▸ Material for this task:
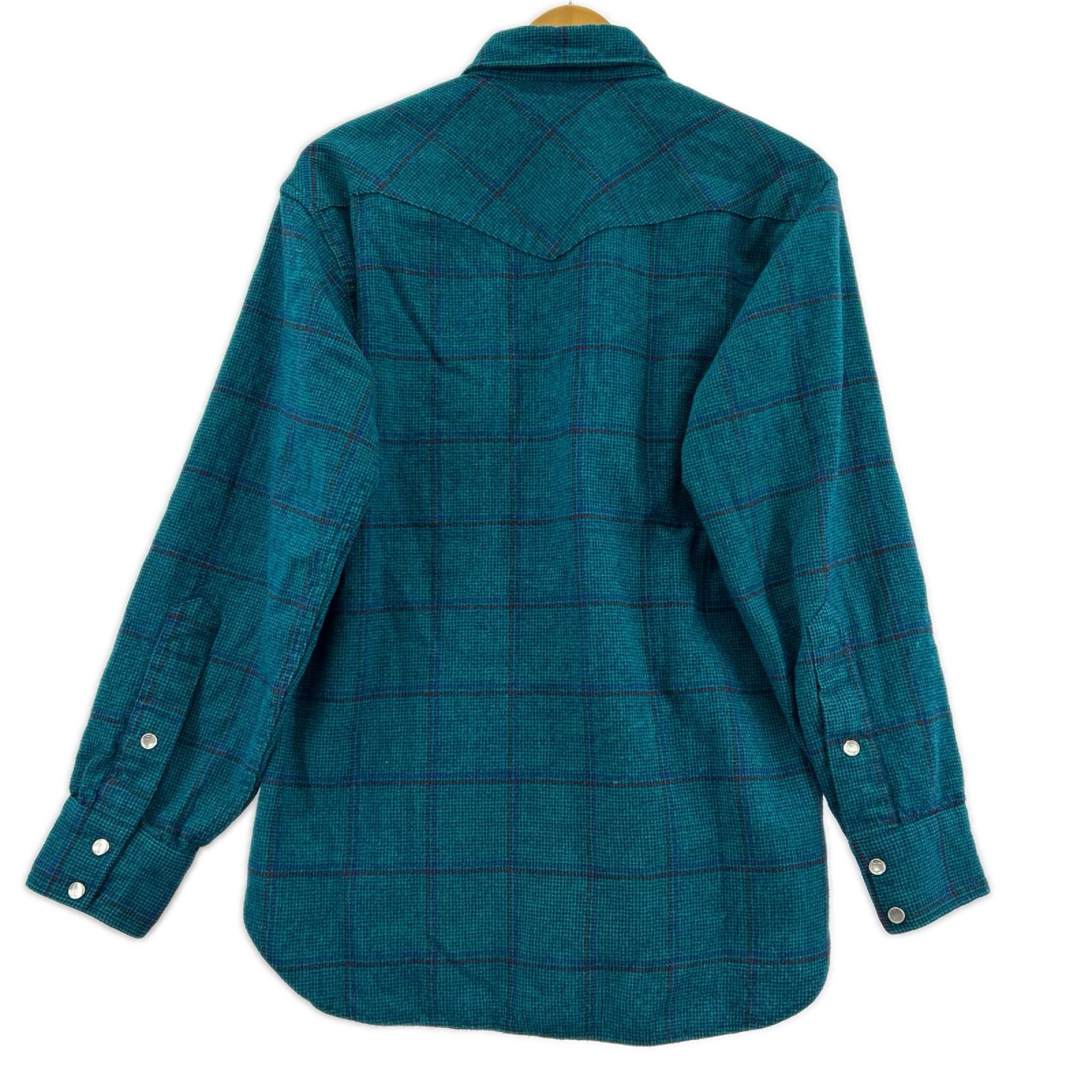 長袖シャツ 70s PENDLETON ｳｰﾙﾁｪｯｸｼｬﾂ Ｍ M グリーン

---

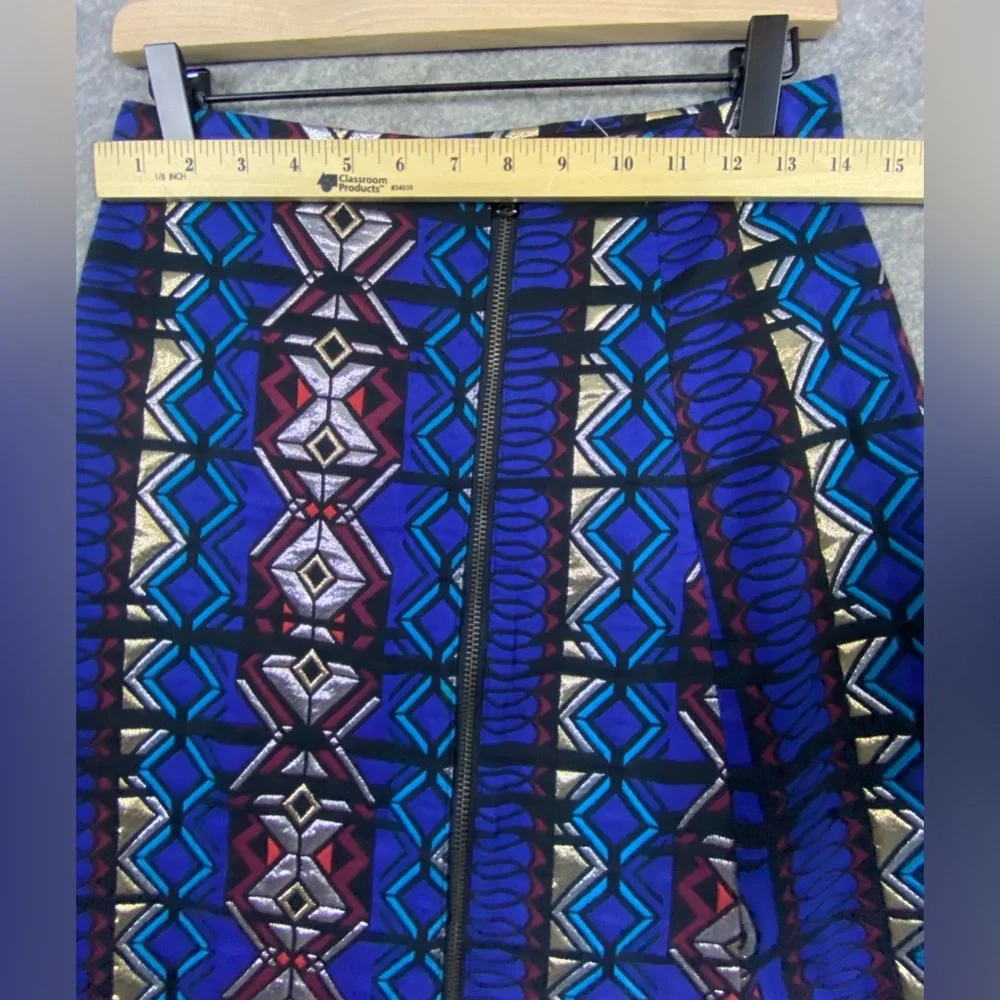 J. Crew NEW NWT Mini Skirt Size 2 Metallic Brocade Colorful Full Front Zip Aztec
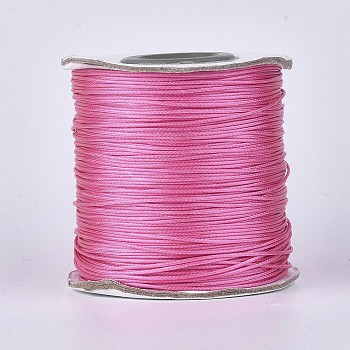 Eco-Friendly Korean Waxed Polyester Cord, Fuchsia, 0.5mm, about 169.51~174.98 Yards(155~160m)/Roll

--

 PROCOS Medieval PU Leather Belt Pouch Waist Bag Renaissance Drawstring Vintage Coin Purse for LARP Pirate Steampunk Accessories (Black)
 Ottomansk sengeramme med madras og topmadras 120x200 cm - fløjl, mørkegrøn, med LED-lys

▸ Task requirements: Starting at the line above that has "J. Crew NEW" and ending at the line that has "Eco-Friendly Korean Waxed", copy each line exactly, leaving the pictures out and adding nothing.

▸ Solution below:
 J. Crew NEW NWT Mini Skirt Size 2 Metallic Brocade Colorful Full Front Zip Aztec
 Eco-Friendly Korean Waxed Polyester Cord, Fuchsia, 0.5mm, about 169.51~174.98 Yards(155~160m)/Roll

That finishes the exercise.